Дальнейший рассказ обещан на следующую книжку журнала.

Сергей Лифарь дал продолжение записок о своих «первых шагах»" в дягилевском балете. По-прежнему они привлекательны полнейшей непосредственностью. Было бы досадно, если бы Лифарь писал иначе, если бы он «сочинял», «приглаживал» свои мемуары, подделывая их под какой либо знаменитый образец. Он не побоялся остаться таким, каков он есть, со своей порывистостью, исключительной живостью, и той безотчетно-умной талантливостью, которая есть в каждом подлинном артисте, что бы он ни делал и ни говорил. В двух словах Лифарь иногда схватывает сущность какого-либо явления. Например, — Анна Павлова. Сколько написано о ней и верного, и фальшивого, и пустого, и глубокого! Лифарь рассказал о своем впечатлении от нее, не скупясь, — не в пример тому, что, к сожалению, нередко между артистами водится, — на самые восторженные эпитеты для выражения своего преклонения. «С первой минуты я был потрясен и покорен». Но восхищение не затуманивает его взгляда: «То божественный жест и классическая attitude Анны Павловой заставляли меня трепетать от благоговейного восторга, то минутами я видел в ее игре-танце какую-то неуместную, излишнюю игривость».
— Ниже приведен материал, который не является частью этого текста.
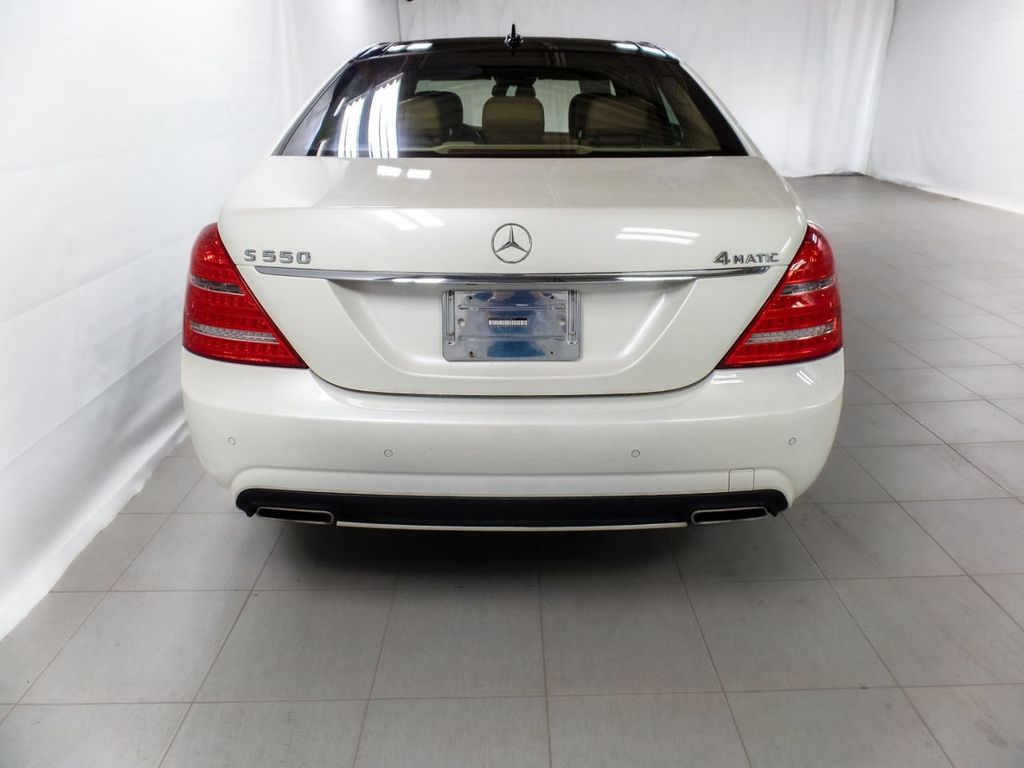 2013 Mercedes-Benz S-Class S550 4MATIC AWD PREMIUM - 22105130 - 4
Это одно из самых верных замечаний, которые о Павловой были сделаны. Всегда, и в Петербурге, четверть века тому назад, и здесь, в Париже, при виде ее думалось то же самое: какая единственная в своем роде, несравненная художница, — и какое непонимание того, что она такое! Эти огромные, полные смысла и мысли глаза, — и вдруг рядом «кокетливая» улыбка, обнаруживающая, что мысль спит, что, танцуя лебедя, она думает скорее о каких-либо раскрашенных открытках Самокиш-Судковской, чем о лебеде Малармэ. Совершенства на свете нет, и Павлова лишний раз это доказала. Лифарь больше всего рассказывает о Дягилеве. Надо заметить, однако, что до сих пор по его запискам не совсем ясно, что это был за человек. Почти все, с Дягилевым встречавшиеся, утверждают, что в нем были черты гениальности (от одного из его сотрудников мне пришлось даже слышать сравнение его с Петром Великим). Лифарь склонен это убеждение разделить. Вероятно, в будущих главах своих записок он попробует рассказать, на чем впечатление это держалось.
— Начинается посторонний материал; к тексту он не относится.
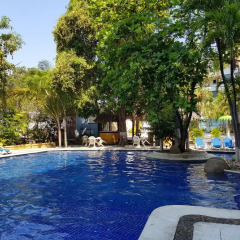 Hotel Club Del Sol Acapulco бассейн фото 3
О декоративном «Альбоме путешественника» Довида Кнута, отдаленно похожем своей восточной пестротой и «чувством моря» на прозаическое переложение первой песни «Чайльд Гарольда», в другой раз. Альбом этот едва ли кончен. Вернемся в следующий раз и к стихам, и к «Иностранцу» Шмелева, который, по-видимому, растянется на несколько книжек журнала.